The Quantum Version Of Classification Decision Tree Constructing Algorithm C5.0
Kamil Khadiev, Ilnaz Mannapov, Liliya Safina
TL;DR
The paper addresses the computational bottleneck of constructing C5.0 decision trees on large datasets. It first introduces a classical improvement that uses a Tree Map (a self-balancing binary search tree) to store nonzero counts, reducing the per-attribute work and achieving a total runtime of $O(hd N \log N)$. It then presents a quantum version, QC5.0, which employs amplitude amplification and the Dürr-Høyer minimum search to accelerate the maximum-split attribute selection, attaining a runtime of $O\big(h\sqrt{d}N \log N \log d\big)$ with probabilistic success guarantees.
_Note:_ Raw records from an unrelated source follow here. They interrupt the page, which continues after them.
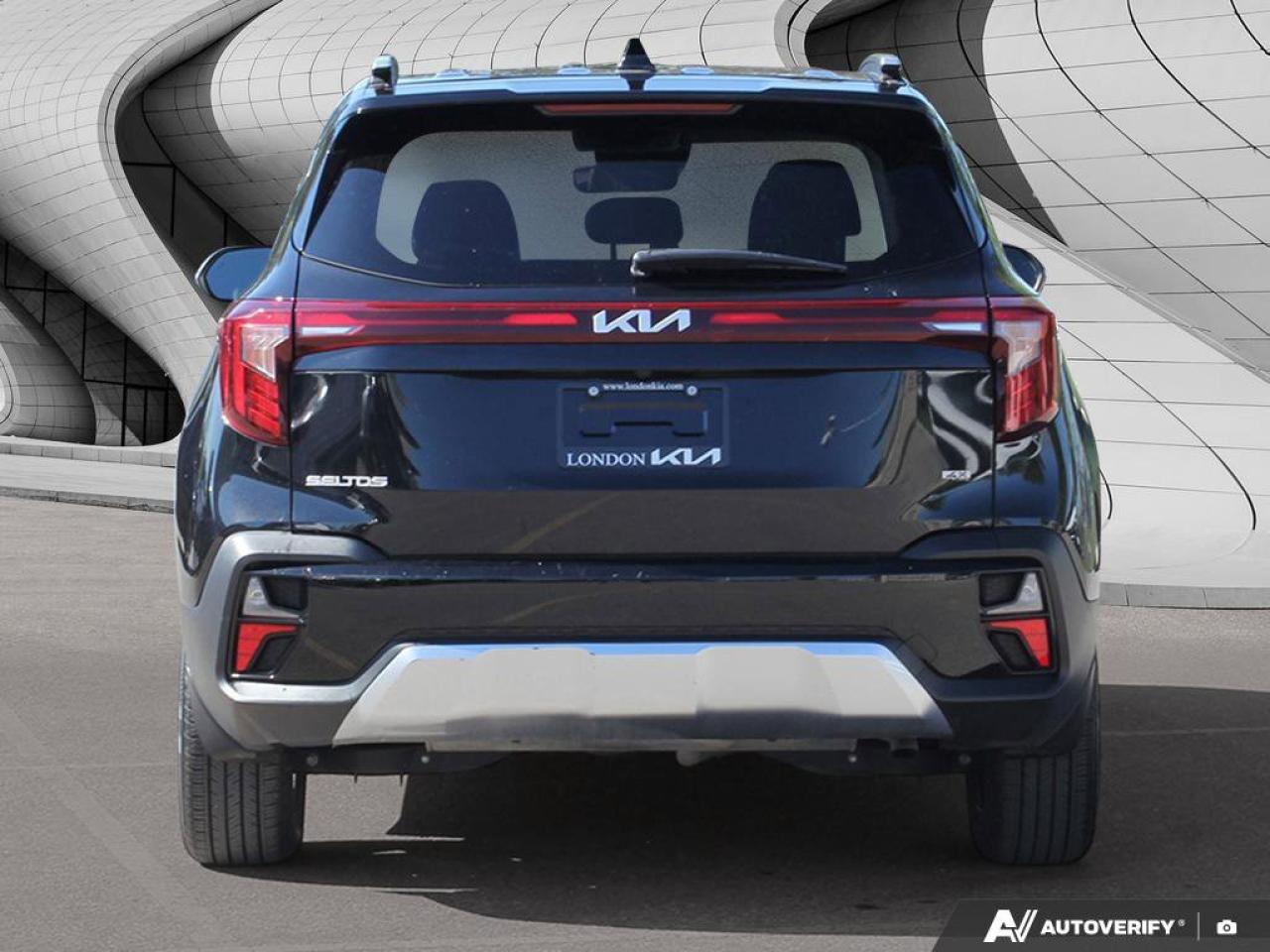 2024 Kia Seltos EX   AWD   Leather   Sunroof   Apple CarPlay   Hea Photo4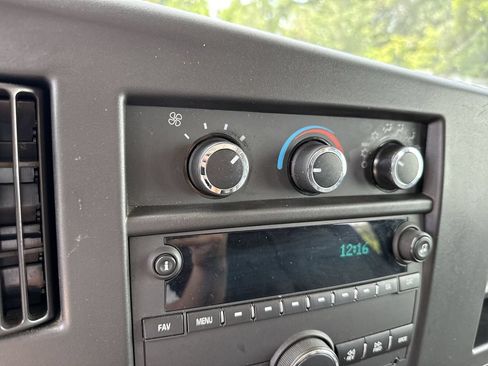 Used 2021 Chevrolet Express 2500 RWD image 47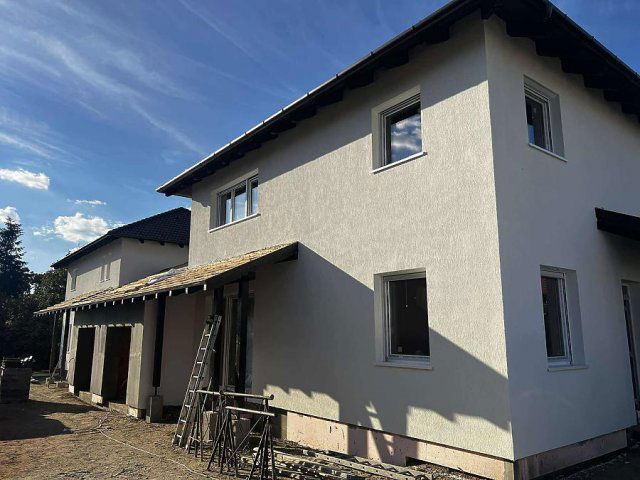 Eladó ikerház, Gödöllőn 124.9 M Ft, 5 szobás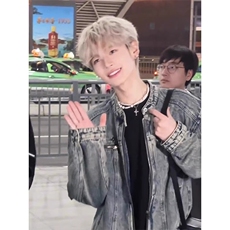 现货不缺货金属短款牛仔外套潮流水洗牛仔夹克1209-1-JK12-P78，男装工装外套，星座1209-1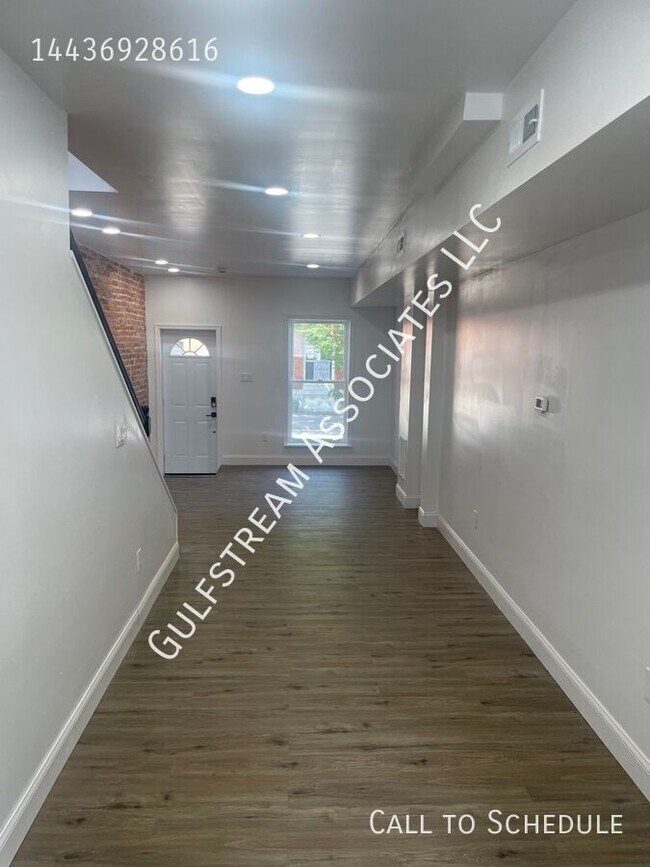 Building Photo - 154 N Ellwood Ave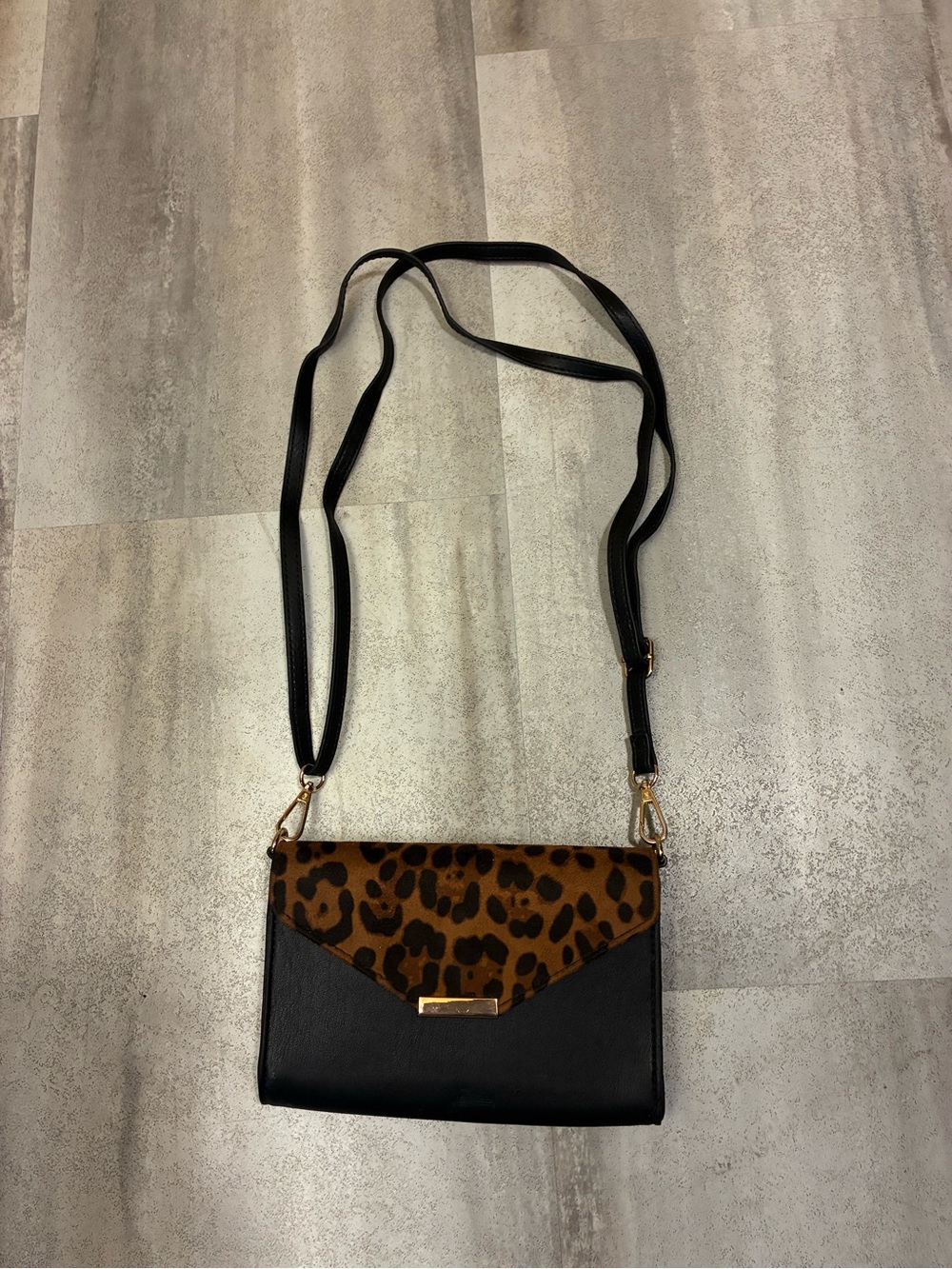 Leopard Accent Black Crossbody Bag - Savethegirls - Picture 2 of 8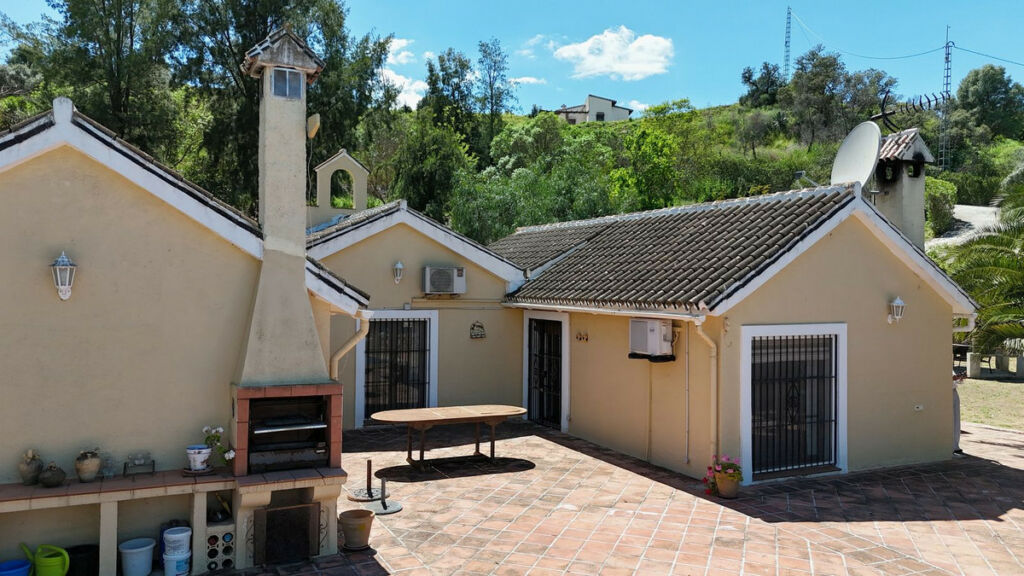 Detached Villa Coín Málaga - image 27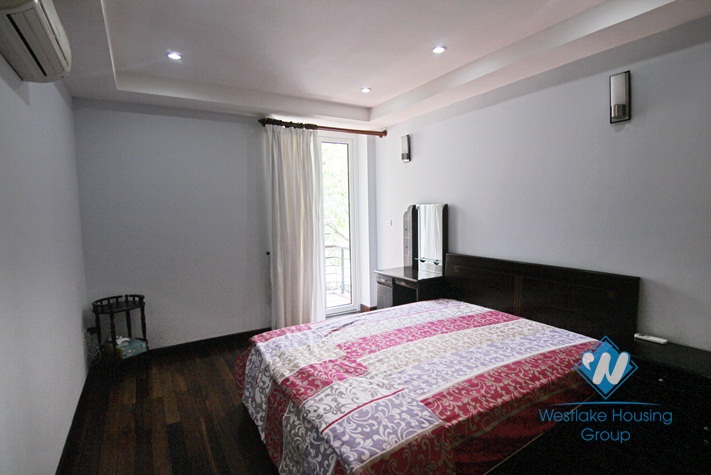 A lakeside 2 bedroom apartment for rent in Yen Phu village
Together, these results yield an almost quadratic speed-up in the number of attributes $d$, offering practical enhancements for large-scale decision-tree construction in quantum-assisted settings. The work informs both classical optimization of tree-building and the integration of quantum subroutines into machine-learning model construction.
Abstract
In the paper, we focus on complexity of C5.0 algorithm for constructing decision tree classifier that is the models for the classification problem from machine learning. In classical case the decision tree is constructed in $O(hd(NM+N \log N))$ running time, where $M$ is a number of classes, $N$ is the size of a training data set, $d$ is a number of attributes of each element, $h$ is a tree height. Firstly, we improved the classical version, the running time of the new version is $O(h\cdot d\cdot N\log N)$. Secondly, we suggest a quantum version of this algorithm, which uses quantum subroutines like the amplitude amplification and the D{ü}rr-Høyer minimum search algorithms that are based on Grover's algorithm. The running time of the quantum algorithm is $O\big(h\cdot \sqrt{d}\log d \cdot N \log N\big)$ that is better than complexity of the classical algorithm.